EXERCISE MATERIAL:
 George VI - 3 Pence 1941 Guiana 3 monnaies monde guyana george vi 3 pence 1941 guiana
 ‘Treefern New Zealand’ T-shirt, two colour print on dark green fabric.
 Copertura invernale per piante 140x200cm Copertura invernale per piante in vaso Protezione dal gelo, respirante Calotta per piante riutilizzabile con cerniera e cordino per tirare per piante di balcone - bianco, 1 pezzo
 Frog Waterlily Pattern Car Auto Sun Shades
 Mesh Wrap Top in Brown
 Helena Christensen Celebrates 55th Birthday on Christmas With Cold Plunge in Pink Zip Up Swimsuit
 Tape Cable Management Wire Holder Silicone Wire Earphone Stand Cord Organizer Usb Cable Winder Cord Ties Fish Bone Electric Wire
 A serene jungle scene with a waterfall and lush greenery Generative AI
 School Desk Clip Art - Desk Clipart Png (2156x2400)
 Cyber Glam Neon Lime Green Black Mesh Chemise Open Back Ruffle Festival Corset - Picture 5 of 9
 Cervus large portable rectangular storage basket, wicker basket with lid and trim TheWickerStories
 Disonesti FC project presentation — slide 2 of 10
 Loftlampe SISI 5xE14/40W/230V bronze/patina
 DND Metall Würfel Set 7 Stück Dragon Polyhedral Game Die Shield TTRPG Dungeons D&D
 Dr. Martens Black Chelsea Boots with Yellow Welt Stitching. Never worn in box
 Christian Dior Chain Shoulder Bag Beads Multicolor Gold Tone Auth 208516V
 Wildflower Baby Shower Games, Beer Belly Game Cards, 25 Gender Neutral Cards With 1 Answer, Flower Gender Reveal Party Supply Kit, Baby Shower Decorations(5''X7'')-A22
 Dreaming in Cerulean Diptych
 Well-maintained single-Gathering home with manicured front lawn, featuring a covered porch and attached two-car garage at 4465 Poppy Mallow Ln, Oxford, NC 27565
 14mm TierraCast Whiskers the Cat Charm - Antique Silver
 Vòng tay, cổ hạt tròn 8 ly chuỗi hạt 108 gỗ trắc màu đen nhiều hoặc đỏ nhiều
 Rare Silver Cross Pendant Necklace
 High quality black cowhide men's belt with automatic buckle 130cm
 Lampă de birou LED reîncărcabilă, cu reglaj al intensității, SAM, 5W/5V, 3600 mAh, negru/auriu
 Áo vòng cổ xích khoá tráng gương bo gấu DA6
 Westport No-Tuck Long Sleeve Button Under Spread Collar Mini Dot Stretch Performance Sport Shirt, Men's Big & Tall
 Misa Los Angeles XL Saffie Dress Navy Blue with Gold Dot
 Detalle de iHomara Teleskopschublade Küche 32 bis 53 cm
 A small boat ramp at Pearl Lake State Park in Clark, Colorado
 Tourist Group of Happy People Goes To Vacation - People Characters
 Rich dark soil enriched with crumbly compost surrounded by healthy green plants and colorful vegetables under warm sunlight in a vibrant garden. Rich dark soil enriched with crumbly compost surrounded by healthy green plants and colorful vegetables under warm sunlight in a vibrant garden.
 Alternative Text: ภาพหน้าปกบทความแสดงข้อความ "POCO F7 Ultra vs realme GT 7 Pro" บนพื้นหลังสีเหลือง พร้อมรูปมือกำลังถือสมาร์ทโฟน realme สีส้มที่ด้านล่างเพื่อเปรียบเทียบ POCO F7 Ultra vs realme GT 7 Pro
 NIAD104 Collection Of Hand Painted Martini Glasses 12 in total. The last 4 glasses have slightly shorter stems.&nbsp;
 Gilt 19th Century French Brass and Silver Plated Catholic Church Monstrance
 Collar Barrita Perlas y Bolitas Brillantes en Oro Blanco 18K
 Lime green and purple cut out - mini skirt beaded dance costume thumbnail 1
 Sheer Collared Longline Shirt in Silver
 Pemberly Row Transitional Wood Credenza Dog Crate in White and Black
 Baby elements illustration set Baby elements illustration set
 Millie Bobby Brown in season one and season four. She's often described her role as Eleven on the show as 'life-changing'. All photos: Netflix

WHAT THE TASK REQUIRES: Return, please, the lines of the data from the first through the line containing "DND Metall Würfel", both kept, exactly as they stand and nothing more.

OUTPUT FOR THIS EXERCISE:
 George VI - 3 Pence 1941 Guiana 3 monnaies monde guyana george vi 3 pence 1941 guiana
 ‘Treefern New Zealand’ T-shirt, two colour print on dark green fabric.
 Copertura invernale per piante 140x200cm Copertura invernale per piante in vaso Protezione dal gelo, respirante Calotta per piante riutilizzabile con cerniera e cordino per tirare per piante di balcone - bianco, 1 pezzo
 Frog Waterlily Pattern Car Auto Sun Shades
 Mesh Wrap Top in Brown
 Helena Christensen Celebrates 55th Birthday on Christmas With Cold Plunge in Pink Zip Up Swimsuit
 Tape Cable Management Wire Holder Silicone Wire Earphone Stand Cord Organizer Usb Cable Winder Cord Ties Fish Bone Electric Wire
 A serene jungle scene with a waterfall and lush greenery Generative AI
 School Desk Clip Art - Desk Clipart Png (2156x2400)
 Cyber Glam Neon Lime Green Black Mesh Chemise Open Back Ruffle Festival Corset - Picture 5 of 9
 Cervus large portable rectangular storage basket, wicker basket with lid and trim TheWickerStories
 Disonesti FC project presentation — slide 2 of 10
 Loftlampe SISI 5xE14/40W/230V bronze/patina
 DND Metall Würfel Set 7 Stück Dragon Polyhedral Game Die Shield TTRPG Dungeons D&D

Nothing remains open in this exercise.